オレンジのラインが印象的な特急「ひだ」(2019年6月)
高山本線(高山線)
特急「ひだ」が走る高山本線(高山線)は岐阜~猪谷(いのたに)~富山間を結ぶ全線非電化路線です。高山本線(高山線)は「本線」という名にもかかわらず、本州では唯一の地方交通線となっています。地方交通線とは国鉄(後のJR)による鉄道路線の分類の一つであり、日本国有鉄道経営再建促進特別措置法に基づいて分類されたものです。そこでは、地方交通線は「幹線鉄道網を形成する営業線として政令で定める基準に該当するものを除いて、その運営の改善のための適切な措置を講じたとしてもなお収支の均衡を確保することが困難であるもの」とされています。
1968年(昭和43年)には名古屋~金沢間に特急「ひだ」が初登場し、80系が投入されることになりましたが、これには当初より食堂車の連結はありませんでした。その後、多くの路線が電化されていきますが、財政難などの理由により高山本線(高山線)の電化は実現しませんでした。
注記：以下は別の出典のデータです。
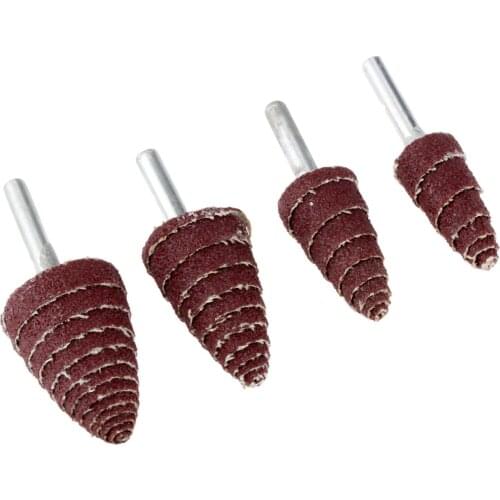 2Pcs 6mm Shank Grit #80 Tapered Cone Grinding Head Sandpaper Wheels Polishing Sanding Tools Drills Head Dia. 16mm 20mm 25mm 30mm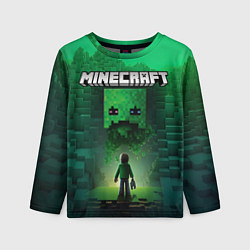 Лонгслив детский Minecraft зеленый персонаж и зеленые горы, цвет: 3D-принт
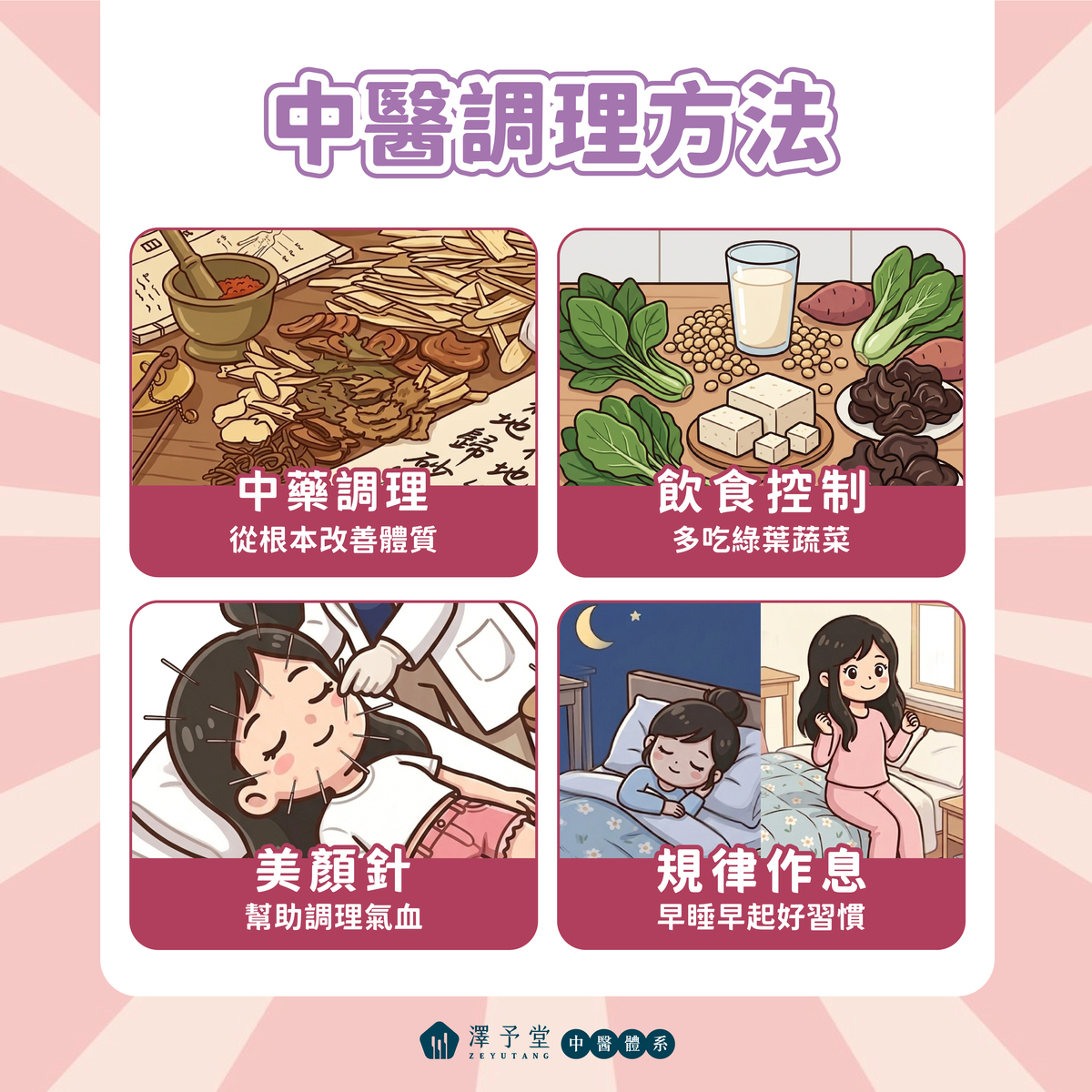 痘痘體質,中醫調理痘痘,長痘痘原因,肺熱型痘痘,肝鬱型痘痘,胃火型痘痘,脾濕型痘痘,抗痘飲食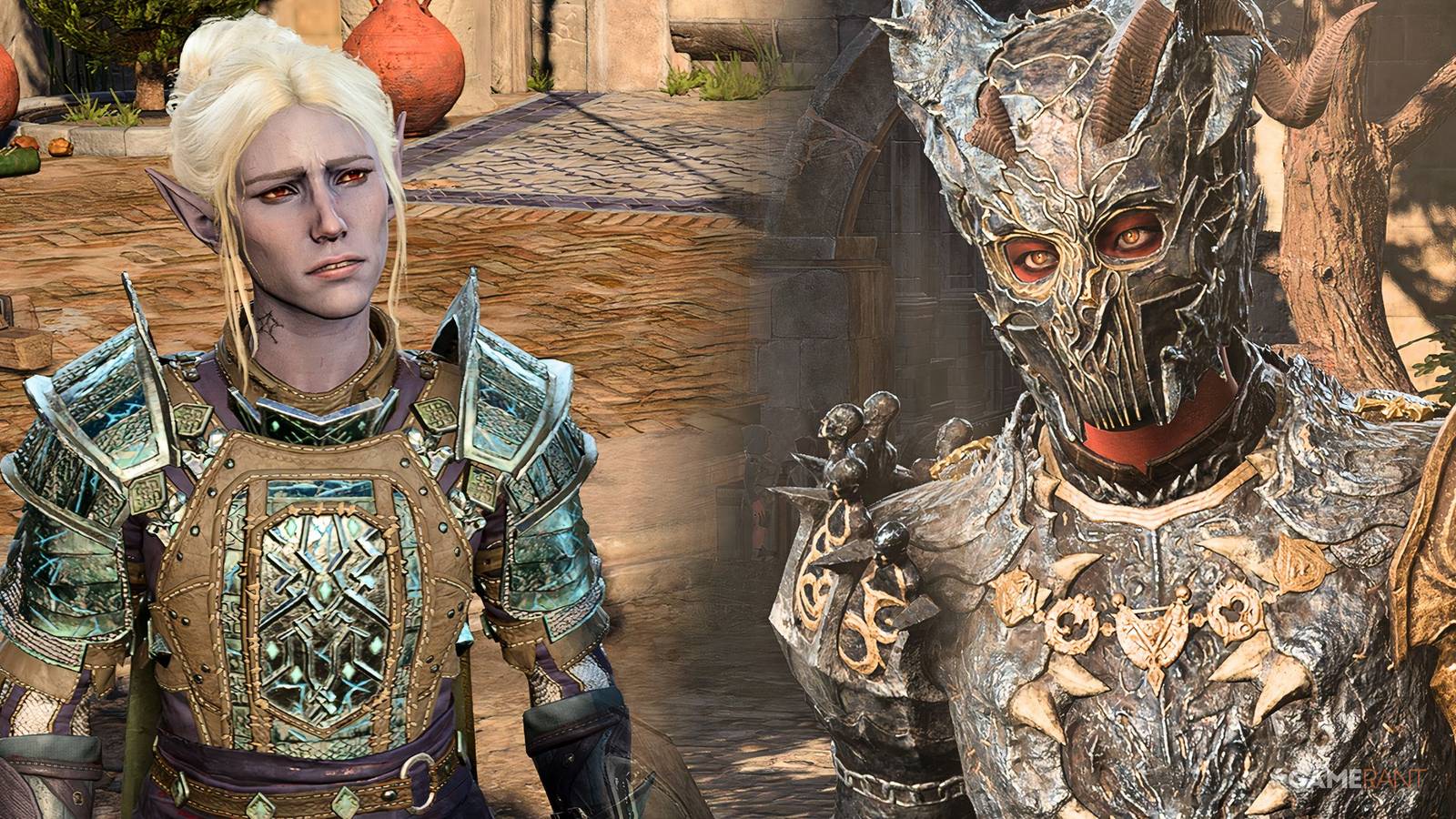 Minthara in Adamantine Splint Armour and Karlach in Helldusk set in Baldur's Gate 3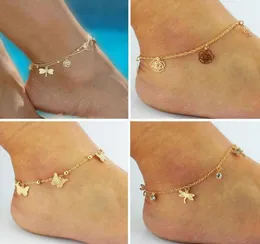 Sandálias descalças baratas para sapatos de casamento Sandel Anklet Chain teste Stretch Gold Toe Ring Beading Casamento Nupcial Dama de Honra Jewel2364129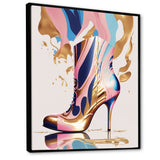 Pink And Blue Art Deco High Heel Boots III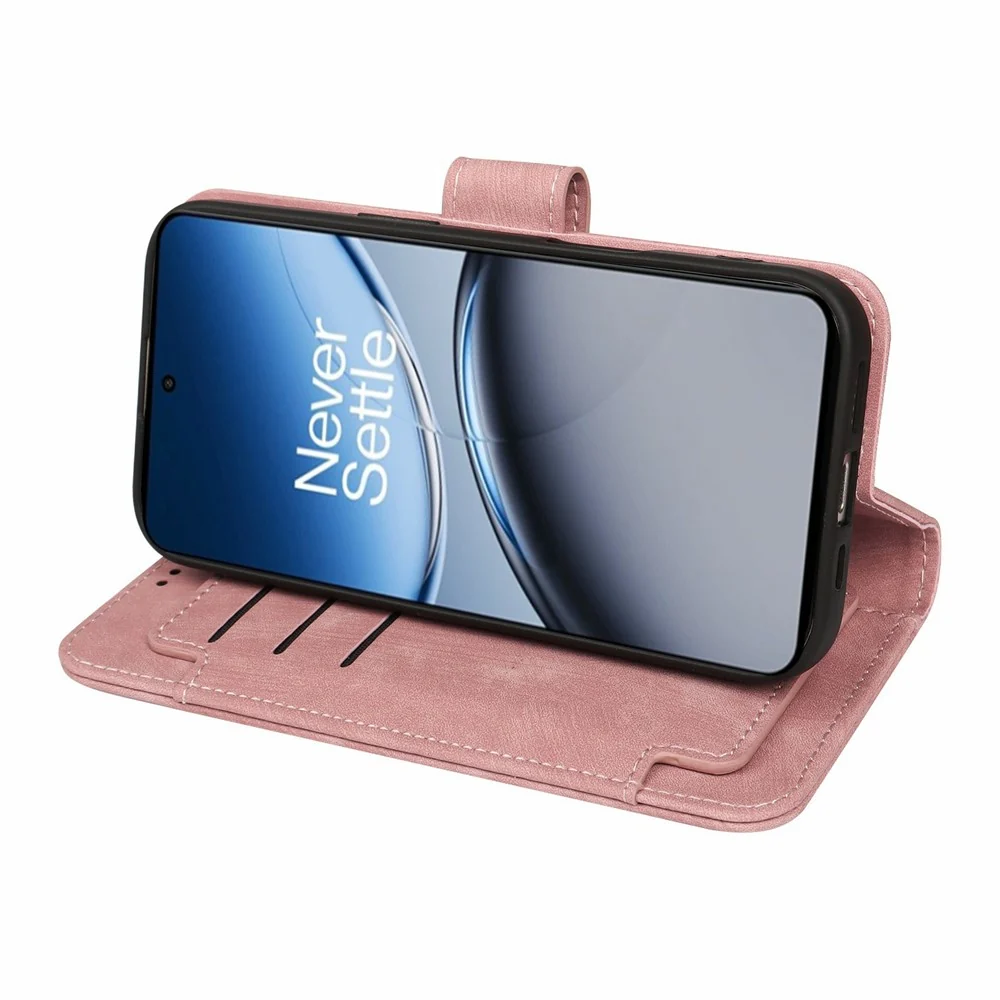 OnePlus Nord 4 Lederhülle mit Linienmuster und 9 Kartenfächern - Roségold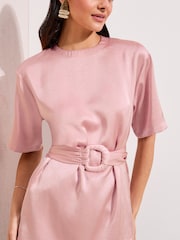 Rosa - Friends Like These Kortermet Bluse med Knust Satengspenne - Bilde 3 av 4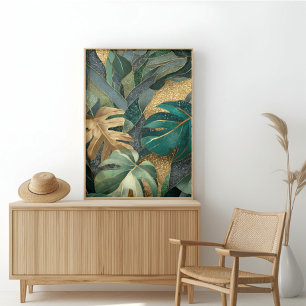 Luxe Tropisch Blad Gouden Wandkunst Canvas Afdruk
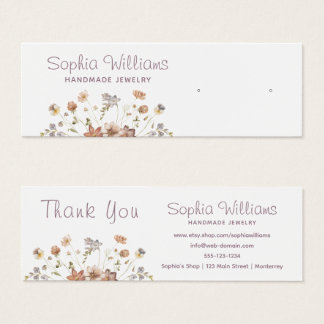 Rustic Romantic Flowers stud Earring display card Litet Visitkort
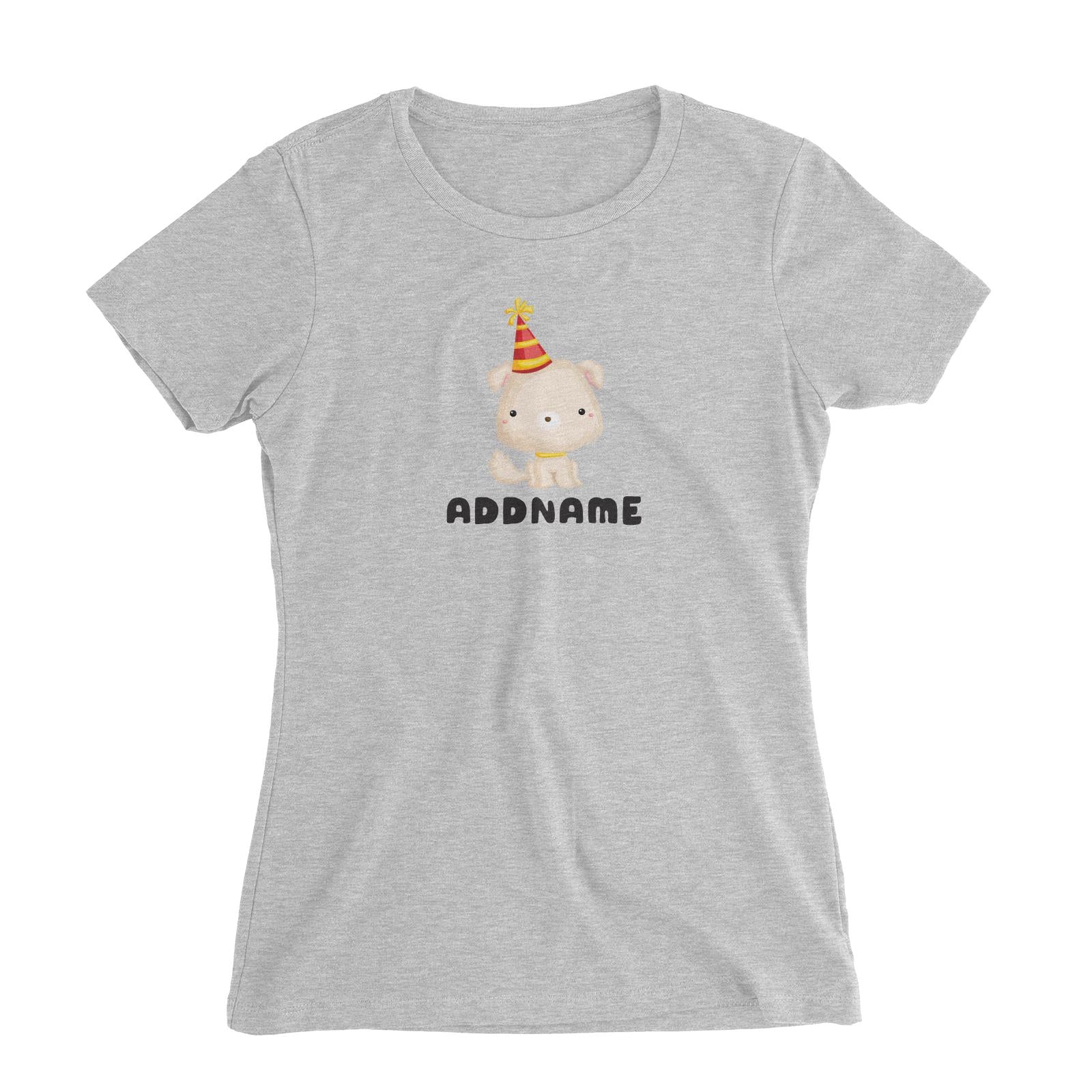 Birthday Friendly Animals Happy Dog Wearing Party Hat Addname Women's Slim Fit T-Shirt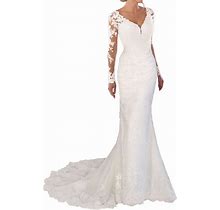 JAEDEN Wedding Dress Lace Boho - Long Sleeves Mermaid Wedding Dresses For Bride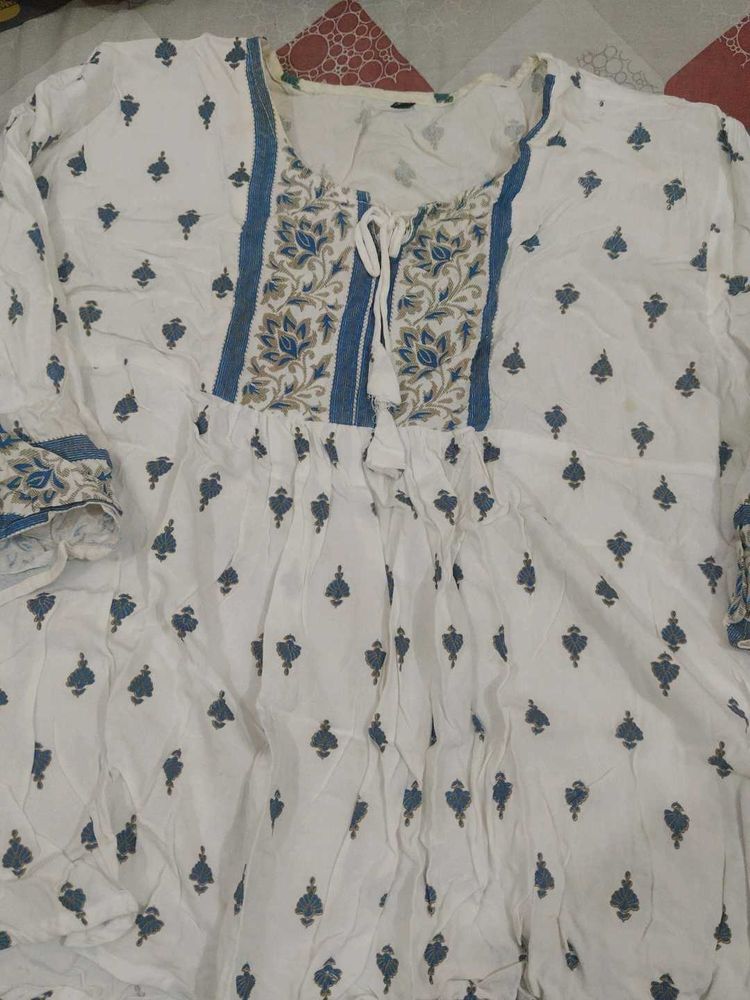 White Printed Kurta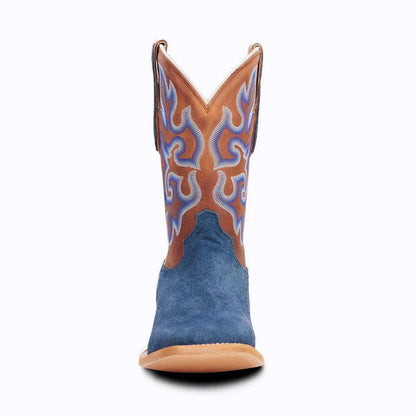 El Capitan Cisco - Front Street western boot in blue suede and brown leather with ornate embroidered flame-pattern shaft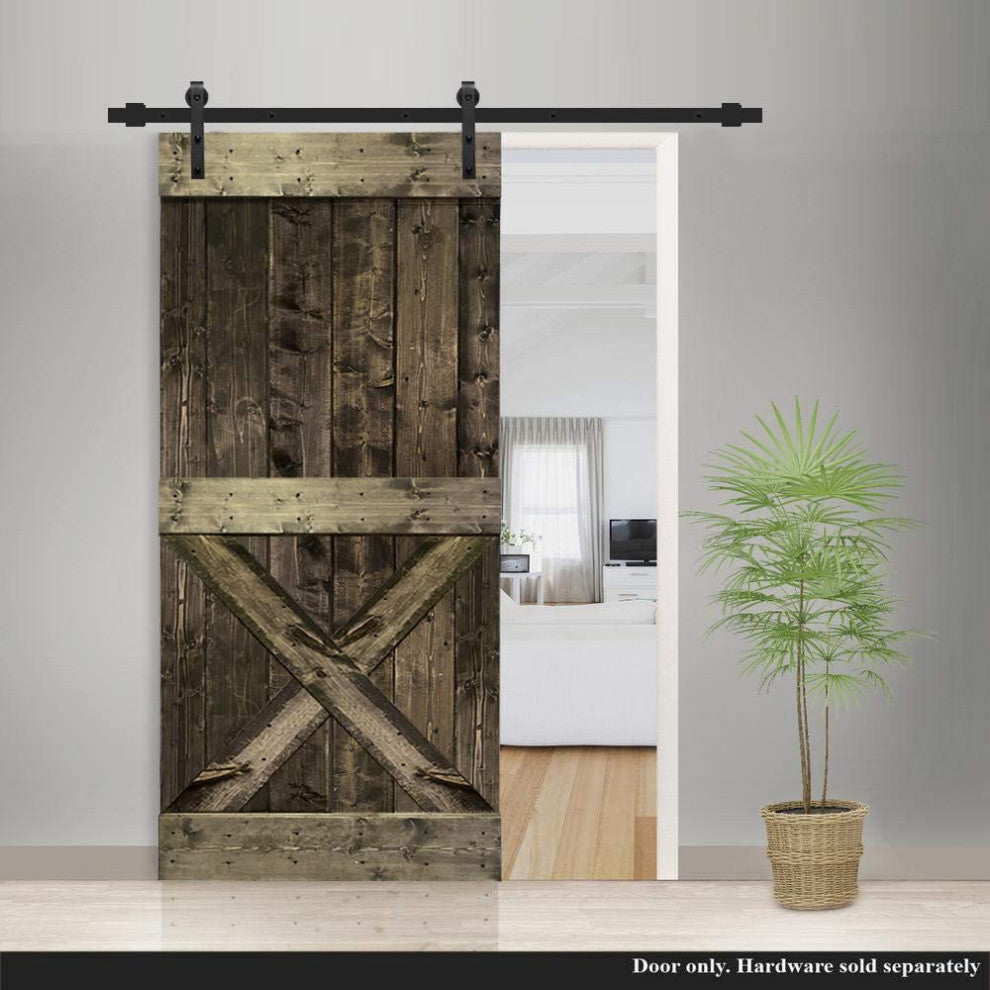 Stained Solid Pine Wood Sliding Barn Door, Espresso, 36"x84", Mini X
各地で余剰となった80系は高山本線(高山線)へやって来るため、結果的に80系の気動車が長い間、高山本線(高山線)で活躍するということになります。しかしながら、時代遅れの車両は、老朽化と速度が遅いということからその評判は芳しくありませんでした。そうした中、1989年(平成元年)になってやっと、新しい気動車となる85系が投入されることになりました。
現在も運転を続ける85系(2019年5月)
このとき、特急「ひだ」に加えて、1968年(昭和43年)にすでに登場していた急行「のりくら」の車両の置き換えも行われることになりました。現在では、すべての特急「ひだ」がキハ85系気動車によって運用されています。
キハ85系(2019年5月)
85系は国鉄民営化後、JR東海が初めて製造した気動車であり、カミンズ社(アメリカ)製の強力エンジンを1両当たり2基搭載し、最高速度120キロで走行します。
新大阪駅に停車する特急「ひだ」(2019年6月)
座席の床位置は通常より高い位置となるハイデッカー構造の車両であり、側窓は広くワイドビューとなっています。
ワイドビューな側窓(2019年5月)
特急「ひだ」には、すべての列車が車内からの眺望がよいワイドビュー車両が使用されるため、特急「(ワイドビュー)ひだ」と案内されています。
新大阪駅に停車する特急「ひだ25号」(2019年3月)
名古屋発着の列車は東海道本線および高山本線(高山線)経由で「名古屋~岐阜~高山・飛騨古川・富山」、大阪発着の列車はJR京都線・琵琶湖線・東海道本線・高山本線(高山線)経由で「大阪~京都~米原~岐阜~高山」のルートで運行されます。
新大阪駅に停車する特急「ひだ25号」(2019年3月)
大阪発の列車は8時2分発の特急「(ワイドビュー)ひだ25号」の1本しかありません。
新大阪駅に停車する特急「ひだ25号」(2019年3月)
東海地区を走る車両
313系は名古屋・静岡地区で活躍するJR東海の車両であり、1999年(平成11年)に登場しました。それ以来現在も快速電車および普通電車の代表的車両として活躍しています。